Finance Digital Data Concept

This week brings us the release of five pieces of economic data for the mortgage market to watch. While that is not an overly large number, several of the reports that are being posted this week are considered very important to the markets. That raises the possibility of seeing noticeable movement in the bond market and mortgage rates.

The first data is October’s Producer Price Index (PPI) at 8:30 AM ET Tuesday, which is one of the two key inflation readings on tap this week. There are two portions of the index that are used- the overall reading and the core data reading. The core data is the more important of the two because it excludes more volatile food and energy prices. Signs of rapidly rising inflation make long-term securities such as mortgage-related bonds less attractive to investors and leads to higher mortgage rates. The overall reading is expected to show a 0.1% rise from September’s level while the core data is expected to rise 0.2%. Weaker than expected readings would be good news for bonds and mortgage rates, while a larger than forecasted increase in the core reading could lead to higher mortgage rates Tuesday morning.

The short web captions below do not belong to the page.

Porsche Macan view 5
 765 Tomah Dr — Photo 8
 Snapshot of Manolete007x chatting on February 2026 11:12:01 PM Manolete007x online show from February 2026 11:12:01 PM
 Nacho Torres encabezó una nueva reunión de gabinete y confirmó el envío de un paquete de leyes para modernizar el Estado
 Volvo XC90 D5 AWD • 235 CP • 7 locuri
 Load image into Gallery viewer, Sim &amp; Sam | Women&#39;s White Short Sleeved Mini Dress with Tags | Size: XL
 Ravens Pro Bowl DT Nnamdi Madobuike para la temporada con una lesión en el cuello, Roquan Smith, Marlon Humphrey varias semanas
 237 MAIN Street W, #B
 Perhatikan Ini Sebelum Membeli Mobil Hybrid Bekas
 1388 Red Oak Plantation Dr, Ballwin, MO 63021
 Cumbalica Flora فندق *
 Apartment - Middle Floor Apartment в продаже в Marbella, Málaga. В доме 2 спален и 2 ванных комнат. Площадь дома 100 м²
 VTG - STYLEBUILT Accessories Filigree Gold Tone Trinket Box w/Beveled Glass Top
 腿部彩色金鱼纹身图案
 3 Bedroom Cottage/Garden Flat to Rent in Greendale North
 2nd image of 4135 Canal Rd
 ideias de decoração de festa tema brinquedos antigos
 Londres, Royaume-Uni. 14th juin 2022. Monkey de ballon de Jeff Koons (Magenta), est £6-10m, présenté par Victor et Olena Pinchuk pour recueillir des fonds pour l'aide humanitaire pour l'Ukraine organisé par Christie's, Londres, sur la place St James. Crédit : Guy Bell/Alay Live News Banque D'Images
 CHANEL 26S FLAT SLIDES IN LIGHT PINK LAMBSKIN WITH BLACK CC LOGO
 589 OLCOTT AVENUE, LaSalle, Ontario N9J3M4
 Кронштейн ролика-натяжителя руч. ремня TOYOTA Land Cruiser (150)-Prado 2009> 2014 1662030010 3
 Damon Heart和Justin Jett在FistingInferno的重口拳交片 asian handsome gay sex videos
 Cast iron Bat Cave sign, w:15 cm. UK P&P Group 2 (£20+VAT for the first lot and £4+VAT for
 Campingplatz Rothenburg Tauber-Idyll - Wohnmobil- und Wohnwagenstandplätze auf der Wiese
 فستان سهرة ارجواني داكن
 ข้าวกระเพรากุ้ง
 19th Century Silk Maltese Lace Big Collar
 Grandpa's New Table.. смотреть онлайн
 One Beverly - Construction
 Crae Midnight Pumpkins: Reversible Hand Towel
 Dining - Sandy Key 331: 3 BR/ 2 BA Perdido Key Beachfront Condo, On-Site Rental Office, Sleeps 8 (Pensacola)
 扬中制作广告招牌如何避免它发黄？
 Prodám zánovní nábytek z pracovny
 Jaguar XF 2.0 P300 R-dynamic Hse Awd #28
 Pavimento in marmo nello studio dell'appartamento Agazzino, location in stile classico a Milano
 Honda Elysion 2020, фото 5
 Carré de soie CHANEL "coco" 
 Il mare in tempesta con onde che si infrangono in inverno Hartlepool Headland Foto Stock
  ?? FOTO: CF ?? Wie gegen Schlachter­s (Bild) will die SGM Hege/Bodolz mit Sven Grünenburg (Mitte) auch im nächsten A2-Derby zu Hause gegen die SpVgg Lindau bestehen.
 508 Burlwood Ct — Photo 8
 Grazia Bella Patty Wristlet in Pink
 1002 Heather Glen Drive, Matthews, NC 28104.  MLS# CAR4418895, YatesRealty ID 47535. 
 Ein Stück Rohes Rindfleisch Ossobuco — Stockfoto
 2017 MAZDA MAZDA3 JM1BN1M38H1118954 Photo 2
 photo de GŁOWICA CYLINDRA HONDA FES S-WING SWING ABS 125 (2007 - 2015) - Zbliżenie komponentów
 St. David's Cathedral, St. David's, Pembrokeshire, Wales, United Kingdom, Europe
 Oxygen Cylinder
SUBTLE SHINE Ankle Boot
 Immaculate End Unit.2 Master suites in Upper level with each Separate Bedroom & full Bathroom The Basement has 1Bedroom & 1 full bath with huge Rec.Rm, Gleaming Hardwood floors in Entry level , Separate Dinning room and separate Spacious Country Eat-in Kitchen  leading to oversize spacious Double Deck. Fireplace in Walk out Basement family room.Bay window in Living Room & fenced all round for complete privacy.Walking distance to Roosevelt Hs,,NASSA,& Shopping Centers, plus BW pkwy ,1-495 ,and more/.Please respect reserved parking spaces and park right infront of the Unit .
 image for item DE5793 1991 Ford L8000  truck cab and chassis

Wednesday has two monthly reports at 8:30 AM ET that may have an impact on mortgage rates. Both of them are considered to be important. The first will come from the Commerce Department, who will give us October’s Retail Sales. This data measures consumer level or retail spending. It is considered extremely important to the markets because consumer spending makes up over two-thirds of the U.S. economy. It is expected to show a 0.1% increase in retail-level spending, meaning consumers spent a bit more last month than they did in September. A larger increase in spending would be considered negative news for bonds because rising spending fuels economic growth and raises inflation concerns in the bond market. If Wednesday’s report reveals a decline that indicates consumers spent less than thought, bonds should react favorably, pushing mortgage rates lower. If it shows a larger rise, mortgage rates will likely move higher.

Next up is October’s Consumer Price Index (CPI) from the Labor Department, also at 8:30 AM ET. The CPI is the sister report to Tuesday’s PPI, except it measures inflationary pressures at the consumer level of the economy and is one of the most important reports the bond market sees each month. If it reveals stronger than expected readings, indicating that inflationary pressures are rising at the consumer level, the bond market will probably react negatively and cause mortgage rates to move higher. Analysts are expecting to see a 0.1% increase in the overall reading and a 0.2% increase in the core data.

October’s Industrial Production data is Thursday’s only monthly release. The at 9:15 AM ET report will give us a measurement of manufacturing sector strength by tracking output at U.S. factories, mines and utilities. It is expected to reveal a 0.5% increase in production, indicating strength in the manufacturing sector. Stronger levels of production would be considered bad news for the bond market and mortgage rates, but this report is not expected to greatly influence the markets. Therefore, it will likely take a sizable variance from forecasts for it to have a noticeable impact on Thursday’s mortgage pricing.

The week’s calendar closes with October’s Housing Starts early Friday morning. This report gives us an indication of housing sector strength, but usually does not have a noticeable impact on mortgage rates. I don’t expect this month’s version to be any different unless it varies greatly from analysts’ forecasts. It is expected to show an increase in starts of new homes, meaning the new home portion of the housing sector strengthened last month.

Overall, it is likely going to be another active week for mortgage rates. The most movement is probably going to come the middle days, but we can see volatility any day. Therefore, please proceed cautiously if you are closing in the near future and still floating an interest rate.